I recently heard about someone who stopped a medic from pushing atropine on a person who was in PSVT (luckily). I've been wondering what would have happened if the error had actually been committed...and I can't find it anywhere. Everything I found was for using it when it's supposed to be. 

What do you guys think would happen?


----------



## Medic Tim (Feb 25, 2012)

atropine works on the SA node. It can increase atrial rate and increase O2 consumption.
these kind of med errors happen. you just need to be calm and really make sure you know what you are giving your pt. I am sure someone else can go into much more detail on this


----------



## Aprz (Feb 25, 2012)

I believe the parasympathetic nervous system (PNS) has minimal or no effect on the ventricles of the heart. I recall in Dubin's Rapid Interpretation of EKGs, he mentioned this when he was talking about sinus rhythms, junctional rhythms, and ventricular rhythms, and asking the readers "How could we go from sinus rhythms -> ventricular rhythms?" and he talked about how a lot of drugs stimulates the PNS or the vagus (X) nerve being stimulated, but the PNS doesn't affect the ventricles of the heart.

Then I believe Atropine antagonizes acetylcholine (ACh) blocking the receptors for it.

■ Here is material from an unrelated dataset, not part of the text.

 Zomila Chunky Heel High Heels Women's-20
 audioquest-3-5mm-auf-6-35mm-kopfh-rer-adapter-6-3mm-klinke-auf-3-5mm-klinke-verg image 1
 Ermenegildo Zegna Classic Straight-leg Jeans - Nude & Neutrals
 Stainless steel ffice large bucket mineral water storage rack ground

Perhaps he was thinking that over stimulation of the PNS was an issue, but since it's a trachycardic arrhythmia instead of a bradycardic arrhythmia, in my mind, the issue wouldn't be too much PNS stimulation, which I think we'd expect to see a bradycardic arrhythmia (ventricular escape focus), but rather the ventricular cardiocytes are excited from an issue like hypoxia.


----------



## Medic Tim (Feb 25, 2012)

was it a case of the medic mixing up atropine and amioardone? or he thought atropine would help in some way?


----------



## Handsome Robb (Feb 25, 2012)

It certainly wouldn't have been good for the guy. Would it have killed him? Probably not but you never know. That's going to depend on his history, age, ability to compensate, comorbidities, the whole nine yards.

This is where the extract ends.